Tuesday, May 6, 2014

French Revolution

View the whole presentation here
A merry band of typing history scholars filled the French Revolution review document with information today after school in S109.  This major event has so many well-documented events, names, and developments associated with it that even more could be added.  The eager learners also put the events in order for the last four columns!  Despite what some have heard, historians don't usually blame a random, twenty-first century American teenager for the twenty-six years of revolution and war.  They do, however, often divide the Revolution into three phases followed by the rule of Napoleon Bonaparte.

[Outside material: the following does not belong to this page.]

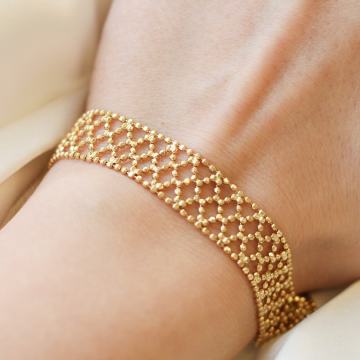 ZLATNA UNIKATNA NARUKVICA 18K (750) 13,65 grama NOVO • GOLD SHOP •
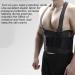 Back Brace For Lower Back | Elastic Back Brace For Lower Back Breathable Posture Corrector Protector Lumbar Support Pad Back Brace For Lower Back All-Round Waist Protection  - Buy Online on GoSupps.com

Revolutionary calendar, topped with Liberty
One important theme that did not emerge in today's discussion was the types of social and political change pursued in the radical revolution.  Radical means more than violent.  There was violence in all of the phases of the revolution, although the Reign of Terror was a key aspect of the radical phase.  The radicals also attempted to fundamentally alter French society with De-Christianization, republican government, price controls, and total war against Austria and Prussia. Under Robespierre the National Convention ended slavery in the French colonies.  The earlier moderate revolution had instituted liberal changes to France.  The National Assembly ended noble privileges, restrained the King and the church, protected property rights and individual rights, and enfranchised propertied men.  Free-response questions on the French Revolution and Napoleonic period often ask students to analyze revolutionary action or participation in specific ways.  For instance, in 2012 many students wrote on this question:
Analyze various ways in which government policies during the Revolutionary and Napoleonic era contributed to a greater sense of French national identity in the period 1789 to 1815.
Answering this question well requires students to apply examples that relate to the emerging notion of national identity.  Which examples could be used to answer this question?  How would you analyze them?